# Sps And Supersure Pouch Claims Another Mongoose



## pop shot (Sep 29, 2011)

1745's, supersure superpouch, SPS and 3/8" steel. Headshot pass through at 15 m. Any tanning tips?


----------



## Hrawk (Oct 25, 2010)

Well someone looks mighty proud of himself!

Nice shooting man!


----------



## newconvert (Dec 12, 2011)

yeah your expression cracks me up! **** it looks like you have fun Steve, wahtcha gonna do with the pelt?


----------



## e~shot (Jun 3, 2010)

Good shooting you young boy!


----------



## pop shot (Sep 29, 2011)

Imma make myself a sheath or something.


----------



## Charles (Aug 26, 2010)

Good shooting!
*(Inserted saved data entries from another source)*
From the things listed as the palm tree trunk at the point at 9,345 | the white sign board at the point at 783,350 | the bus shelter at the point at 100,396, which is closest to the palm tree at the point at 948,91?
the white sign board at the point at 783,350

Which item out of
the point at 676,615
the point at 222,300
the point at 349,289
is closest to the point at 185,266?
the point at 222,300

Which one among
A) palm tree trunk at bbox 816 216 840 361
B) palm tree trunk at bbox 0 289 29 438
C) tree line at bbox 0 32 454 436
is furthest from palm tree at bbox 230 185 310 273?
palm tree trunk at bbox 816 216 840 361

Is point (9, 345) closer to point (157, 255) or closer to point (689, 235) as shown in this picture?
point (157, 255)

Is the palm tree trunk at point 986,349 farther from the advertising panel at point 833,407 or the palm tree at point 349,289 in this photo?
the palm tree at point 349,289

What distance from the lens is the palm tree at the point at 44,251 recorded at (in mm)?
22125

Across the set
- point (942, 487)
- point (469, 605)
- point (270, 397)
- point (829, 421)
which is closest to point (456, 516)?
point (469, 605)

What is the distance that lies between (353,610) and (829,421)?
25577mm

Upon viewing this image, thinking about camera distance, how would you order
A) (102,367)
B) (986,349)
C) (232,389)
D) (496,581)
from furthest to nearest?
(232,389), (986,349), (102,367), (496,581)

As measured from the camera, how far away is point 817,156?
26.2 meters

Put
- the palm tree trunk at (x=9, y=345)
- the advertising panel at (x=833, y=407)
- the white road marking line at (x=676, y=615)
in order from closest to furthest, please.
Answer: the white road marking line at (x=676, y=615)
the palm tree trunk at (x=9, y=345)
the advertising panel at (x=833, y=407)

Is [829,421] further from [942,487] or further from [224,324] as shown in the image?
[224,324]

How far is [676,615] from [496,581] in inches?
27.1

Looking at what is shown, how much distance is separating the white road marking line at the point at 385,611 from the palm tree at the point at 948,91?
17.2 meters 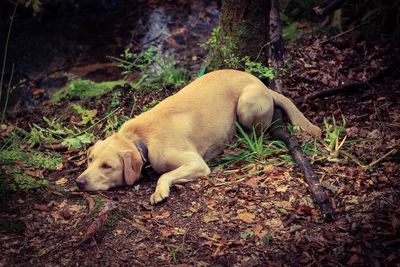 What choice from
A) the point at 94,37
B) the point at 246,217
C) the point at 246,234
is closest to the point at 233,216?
the point at 246,217

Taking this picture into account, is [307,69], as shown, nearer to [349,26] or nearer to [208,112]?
[349,26]

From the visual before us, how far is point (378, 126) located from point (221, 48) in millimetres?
2469

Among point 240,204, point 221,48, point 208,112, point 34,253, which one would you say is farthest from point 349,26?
point 34,253

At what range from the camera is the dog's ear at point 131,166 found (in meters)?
5.30

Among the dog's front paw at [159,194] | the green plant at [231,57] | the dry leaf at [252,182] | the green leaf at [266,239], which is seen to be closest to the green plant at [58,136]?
the dog's front paw at [159,194]

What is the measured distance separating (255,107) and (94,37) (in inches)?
302

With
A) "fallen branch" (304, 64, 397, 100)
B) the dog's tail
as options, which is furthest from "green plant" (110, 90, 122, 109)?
"fallen branch" (304, 64, 397, 100)

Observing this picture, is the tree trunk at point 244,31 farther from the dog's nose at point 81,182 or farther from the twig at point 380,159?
the dog's nose at point 81,182

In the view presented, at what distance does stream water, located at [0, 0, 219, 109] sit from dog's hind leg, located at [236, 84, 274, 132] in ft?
11.4

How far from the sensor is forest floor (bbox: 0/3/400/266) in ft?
13.8

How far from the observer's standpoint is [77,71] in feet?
35.6

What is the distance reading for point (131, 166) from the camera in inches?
209

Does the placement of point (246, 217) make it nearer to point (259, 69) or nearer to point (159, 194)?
point (159, 194)

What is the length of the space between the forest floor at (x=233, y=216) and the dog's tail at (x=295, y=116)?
16 cm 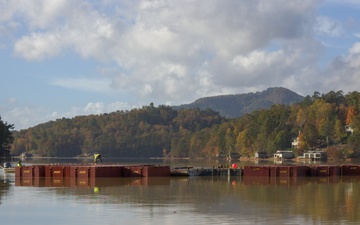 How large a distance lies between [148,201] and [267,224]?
48.6 feet

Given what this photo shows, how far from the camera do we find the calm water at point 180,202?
4155 cm

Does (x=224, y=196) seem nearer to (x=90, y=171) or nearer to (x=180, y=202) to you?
(x=180, y=202)

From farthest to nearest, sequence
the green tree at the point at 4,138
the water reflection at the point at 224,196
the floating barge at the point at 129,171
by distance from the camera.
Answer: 1. the green tree at the point at 4,138
2. the floating barge at the point at 129,171
3. the water reflection at the point at 224,196

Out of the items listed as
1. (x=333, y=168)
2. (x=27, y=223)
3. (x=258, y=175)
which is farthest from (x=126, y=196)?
(x=333, y=168)

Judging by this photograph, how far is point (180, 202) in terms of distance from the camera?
51188 millimetres

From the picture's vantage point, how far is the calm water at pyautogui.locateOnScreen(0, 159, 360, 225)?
41553 mm

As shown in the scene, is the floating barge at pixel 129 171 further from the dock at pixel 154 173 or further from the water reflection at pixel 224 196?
the water reflection at pixel 224 196

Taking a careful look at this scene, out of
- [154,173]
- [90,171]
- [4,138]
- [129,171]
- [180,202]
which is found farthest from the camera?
[4,138]

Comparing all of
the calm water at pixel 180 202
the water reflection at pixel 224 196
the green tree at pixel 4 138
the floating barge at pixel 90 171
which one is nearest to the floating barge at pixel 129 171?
the floating barge at pixel 90 171

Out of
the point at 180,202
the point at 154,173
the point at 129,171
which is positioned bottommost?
the point at 180,202

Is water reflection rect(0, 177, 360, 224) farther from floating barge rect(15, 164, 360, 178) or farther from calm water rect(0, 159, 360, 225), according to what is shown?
floating barge rect(15, 164, 360, 178)

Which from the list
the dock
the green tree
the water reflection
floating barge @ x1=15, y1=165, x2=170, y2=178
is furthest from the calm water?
the green tree

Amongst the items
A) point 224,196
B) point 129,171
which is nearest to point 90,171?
point 129,171

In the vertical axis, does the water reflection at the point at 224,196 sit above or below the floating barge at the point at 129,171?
below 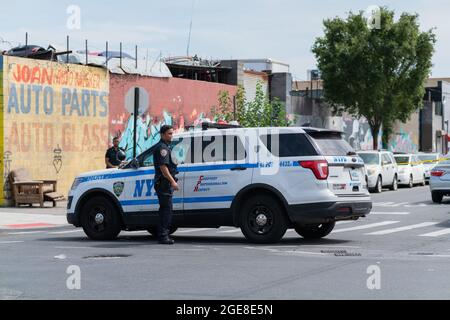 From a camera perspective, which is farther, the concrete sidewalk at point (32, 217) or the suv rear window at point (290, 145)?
the concrete sidewalk at point (32, 217)

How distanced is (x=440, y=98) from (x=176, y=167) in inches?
2351

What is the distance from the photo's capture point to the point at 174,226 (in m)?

I am surprised you are using 3/8 steel for those critters, but it seems to be working well for you. Keep up the good work.

Cheers ..... Charles


----------



## pop shot (Sep 29, 2011)

I usually use 7/16, but I shot all that I had on me plinking on the hike before this guy popped up, only had 3/8 left in my pocket


----------



## strikewzen (Jun 18, 2010)

headshot passthrough... dammmmmnn


----------



## Imperial (Feb 9, 2011)

did i read that right!? headshot pass through ? what you do, shoot it at point blank ? you ought to make a davey crockett type of **** skin hat out of it .


----------



## pop shot (Sep 29, 2011)

Let me clarify- I shot him in the port side ear and it exited through the starboard eyeball. Still scrambled some skull, but I think it had an easier route.


----------



## bullseyeben! (Apr 24, 2011)

Great shooting man... that's an impressive shot..


----------



## pop shot (Sep 29, 2011)

This was the fourth one I took a shot at today, the first three got haircuts, right over their heads.


----------



## mr.joel (Dec 21, 2009)

You could brain tan it...but apparently you would have to buy pig or cow brains from a butcher.


----------



## MesquiteFork (Jan 11, 2010)

Pop shot,

This is what I do with my squirrel hides. I deflesh as much as possible, then soak for about 3 days in a laundry detergent water solution. Be careful not to let it sit too long, it will start to rot. After 3 days, the hair will pull out very easily, remove all hair. I then stretch it on a plywood board, flesh side out. Heavily salt or use Borax to dry. After it's dried, begin to add furniture paste wax, sit for another day or two. After that start to work it, soften, you will see a thin paper like member that you can peel for the flesh side, remove this, and it will become even softer. 
This is how I make my pouches, super thin and super strong. Need more info, let me know. Take care.

Mesquitefork


----------



## mr.joel (Dec 21, 2009)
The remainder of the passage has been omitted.